La dernière en date est Clarisse Bocquet, qui répond sans doute à un idéal longtemps cherché, car il s’est violemment épris d’elle ; il pleure en lui baisant les paupières, tout secoué dans ses ardeurs charnelles par un besoin de cultiver la petite fleur bleue des romances. C’est chez Clarisse qu’il reçoit ses amis et, dans ce salon de la rue de la Cerisaie, le sentencieux Duveyrier, si morne chez sa femme, retrouve un air de jeunesse, les taches saignantes de son front tournent au rose, ses yeux obliques luisent d’une gaieté d’enfant. Les visites hebdomadaires ne lui suffisent plus ; il s’échappe entre deux suspensions d’audience, faisant seulement à la dignité de la magistrature la concession de retirer son ruban rouge quand il arrive chez sa maîtresse. Il croit d’ailleurs à la parfaite vertu de Clarisse qui, pourtant, le trompe sans scrupule, et il reste pétrifié le jour où elle le lâche brutalement. C’est pour Duveyrier une immense amertume, dont il est à peine distrait par la mort du vieux Vabre et les manœuvres à accomplir, de connivence avec Clotilde, pour spolier ses deux beaux-frères. Dans son désarroi de mâle abandonné, il couche avec Adèle, la bonne des Josserand, mais rien ne remplace Clarisse et, lorsqu’un jour le hasard la lui fait rencontrer sous une porte, il est trop heureux de la reprendre, de la réinstaller rue d’Assas dans un bel appartement, acceptant ses nouvelles conditions, renonçant à l’amusant intérieur d’autrefois, se résignant, lui que la musique horripile, à subir la torture d’un piano, retrouvant chez sa maîtresse un coin de bourgeoisie féroce où se répètent tous les ennuis de son ménage, dans de l’ordure et du vacarme.

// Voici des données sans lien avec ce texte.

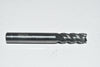 ACCUPRO 01216654 Square End Mill: 8 mm Dia, 20 mm LOC, 4 Flutes, Solid Carbide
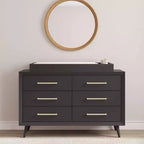 6-Drawer Cranbrook Double Dresser for Nursery or Bedroom, Anti-Tip Kit Included to Prevent Tipping, Non-Toxic, Baby Safe Finish
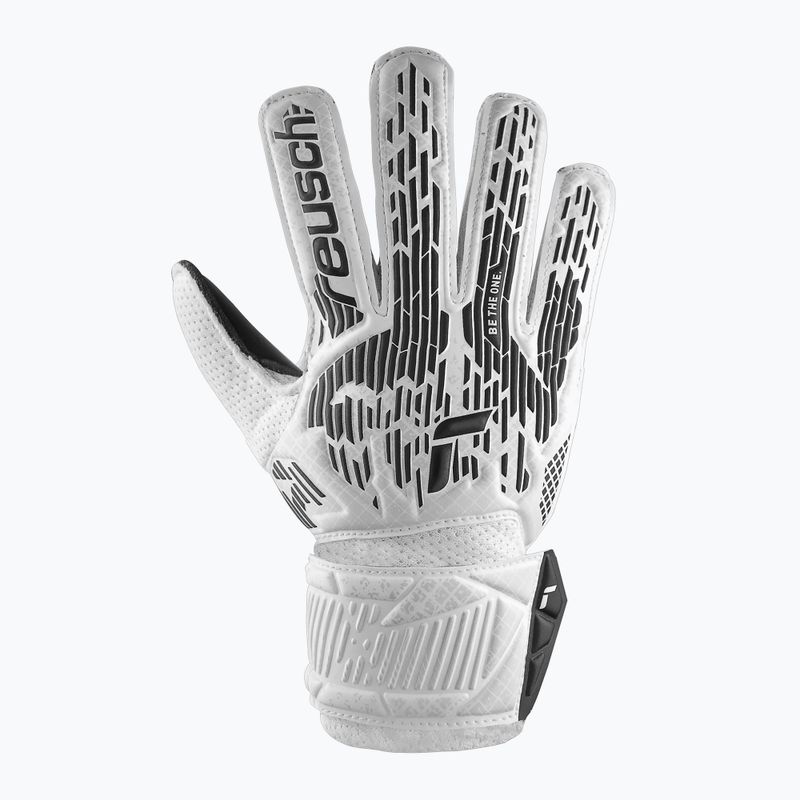 Вратарски ръкавици Reusch Attrakt Solid white/black 2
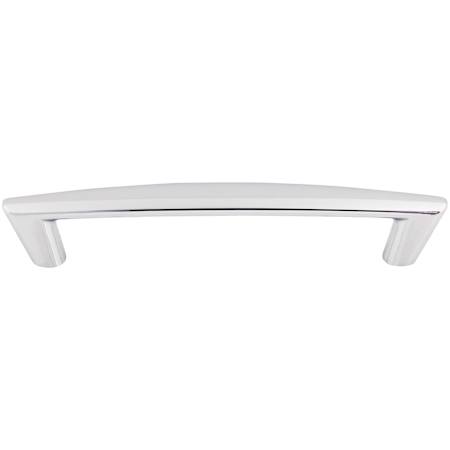 Top Knobs Tinley 5-1/16 Inch Center to Center Handle Cabinet Pull from the Nouveau III Collection Polished Chrome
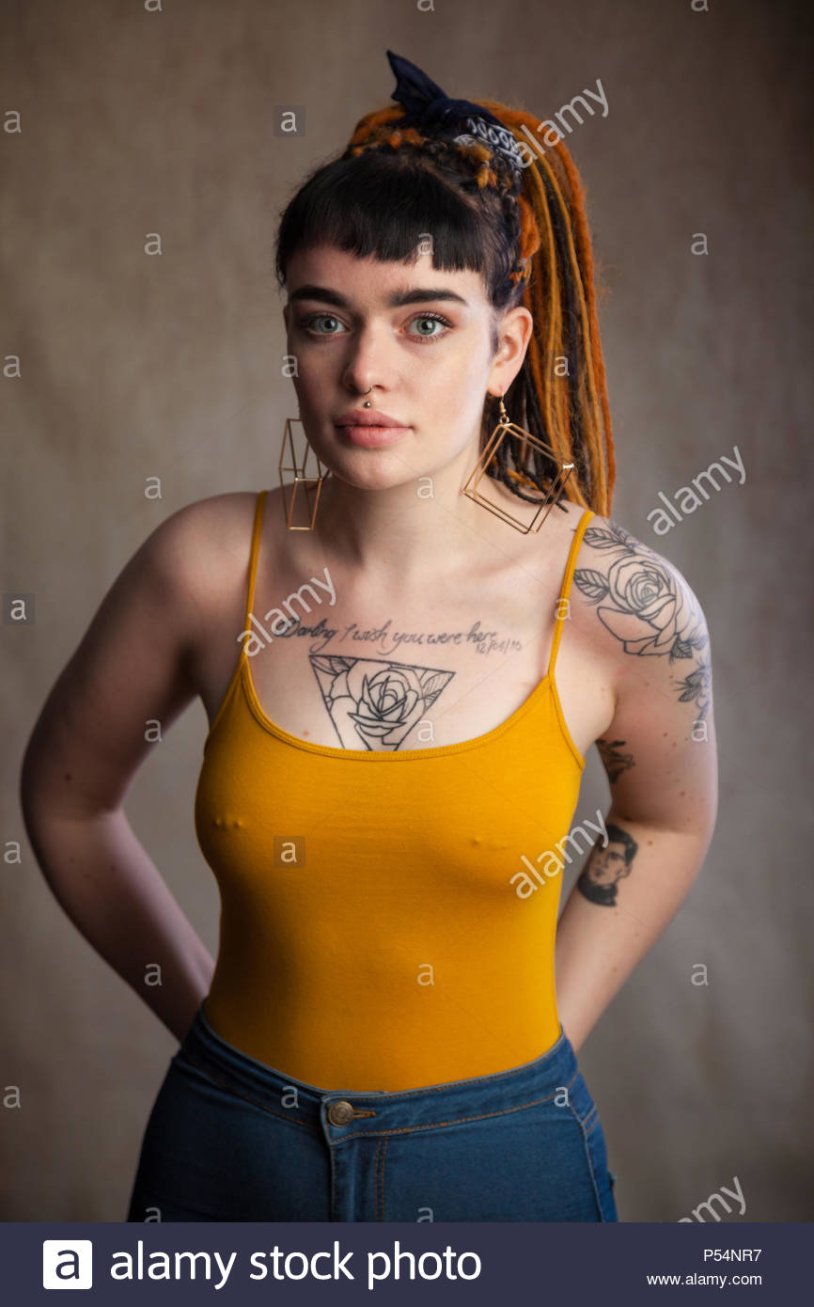 Gers Self OUR NIPPLE PIERCED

Mais cette secousse l’a profondément atteint ; des embarras d’argent lui sont venus, il baisse, les jeunes avocats le regardent d’un air polisson, ce qui le gêne pour rendre la justice. Jeté dans l’escalier par la famille de Clarisse, il a essayé de se suicider et cette tentative ratée l’a laissé la mâchoire de travers, déviée à gauche. Il va d’ailleurs devenir président de chambre et officier de la Légion d’honneur, juste récompense de sa férocité de magistrat. Et Duveyrier remplacera Clarisse par une nouvelle maîtresse un peu mûre, mais romanesque, l’âme élargie par cet idéal dont il a besoin pour épurer l’amour.